This is one of the most common types of business entity structures. It is also the easiest to form and maintain, and offers complete managerial control to the owner. However, the owner is also personally liable for all financial obligations of the business.

  • Tax Advantages
    • Income and expenses are included on the 1040 so there is no separate form to file.
    • Business losses may offset other income earned on the 1040.
  • Tax Disadvantages
    • You pay both the employee and employer portions of employment taxes on your self-employed income. This is typically 15.3%.
    • It is unincorporated, which means there is no legal separation between you and your business. Since you are personally responsible for your business’ liabilities, your personal assets may be at risk.

Corporation

A corporation receives a certificate of incorporation and is considered legally separate from owners. It is the most complex and expensive entity to create and maintain, but it offers the most protection of all entities.

  • Tax Advantages
    • Owners avoid any personal liability and personal assets are not at risk.
    • Currently, corporations have a flat tax rate of 21%. This tax is paid at the corporate level, with no corporate tax paid by owners.
  • Tax Disadvantages
    • Any earnings distributed to shareholders are taxed at individual tax rates on the shareholder’s individual tax return. This leads to double taxation of the same earnings – once at the corporate level and again at the individual level.

S Corporation

One way to avoid the double taxation of a corporation is to elect to be taxed as an S Corporation.  An S Corporation has several appealing tax benefits and provides business owners with the liability protection of a corporation.

  • Tax Advantages
    • Income and losses are passed through to shareholders and included on their individual tax returns.  There is no tax paid at the corporate level.
    • An S Corporation may be eligible for a qualified business income deduction of up to 20% of qualified business income.
  • Tax Disadvantages
    • Since income is taxed at the individual level, the tax rate may be higher than the flat corporate tax rate of 21%.
    • S Corporation shareholders must be paid reasonable wages, which generally means wages are comparable to what would be paid to someone else to do the same job. This results in additional taxable income to the individual, plus an additional expense in the form of wages and payroll taxes for the corporation.
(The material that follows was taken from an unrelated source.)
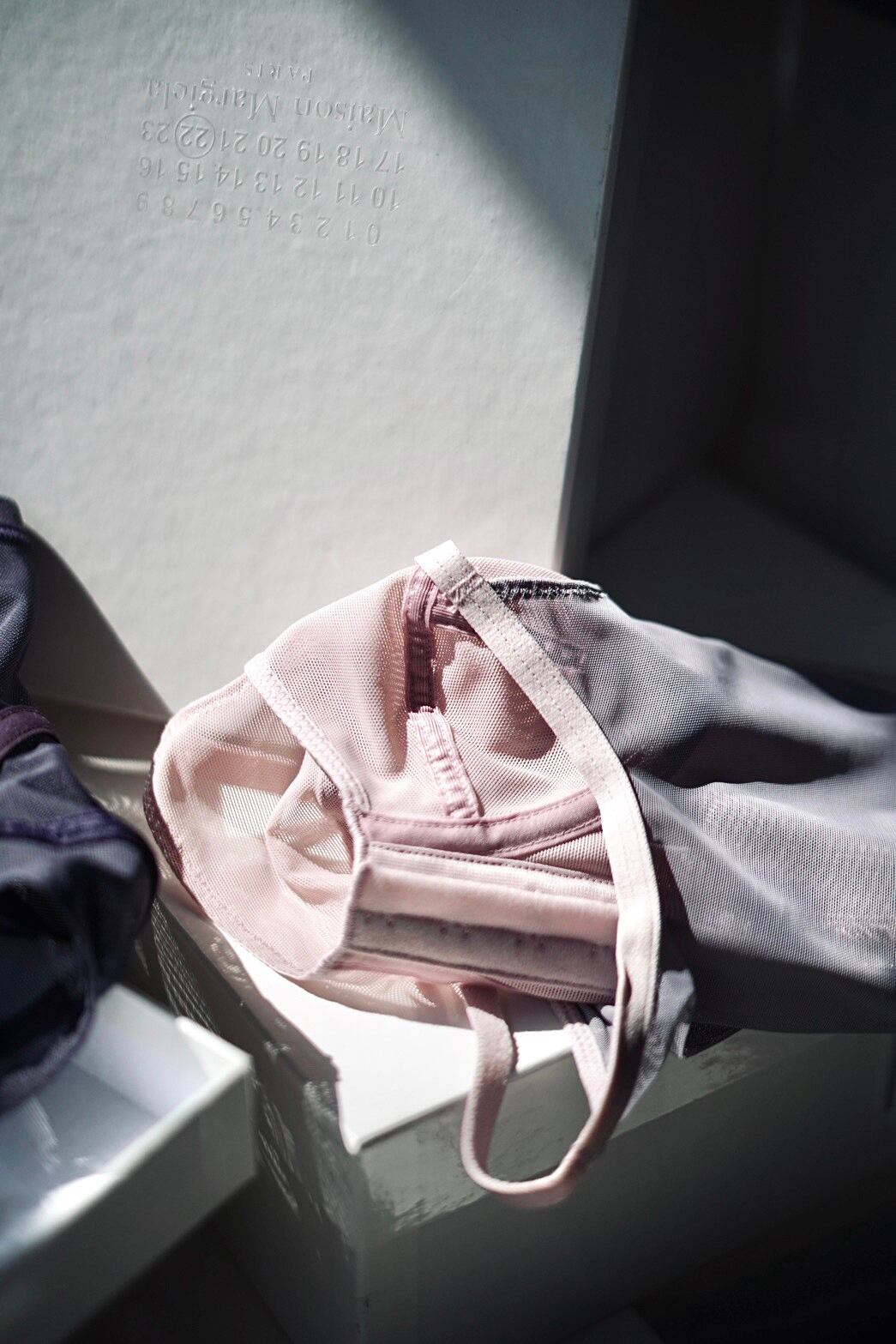 OVERNEATH / NET×BUSTIER (Bustier / 036N) ( Dusty Pink×Grey , Navy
Limited Liability Company (LLC)

An LLC is a popular entity structure for small to medium-sized transportation businesses. It is a form of a partnership allowing owners to limit personal liabilities. LLCs were created to provide business owners with the liability protection that corporations benefit from, without the burden of double taxation.

  • Tax Advantages
    • Income and losses are passed through to the partners and included on their individual tax returns. There is no tax paid at the entity level.
    • An LLC may be eligible for a qualified business income deduction of up to 20% of qualified business income.
  • Tax Disadvantages
    • You pay BOTH the employee and employer portions of employment taxes on your self-employed income. This is typically 15.3%.

Questions?

There are several factors you should consider when selecting an entity structure for your transportation business – liability, tax implications, cost of formation and ongoing administration, flexibility and control. With the recent Tax Reform, taxation has been brought to the forefront in making and rethinking this decision for transportation business owners.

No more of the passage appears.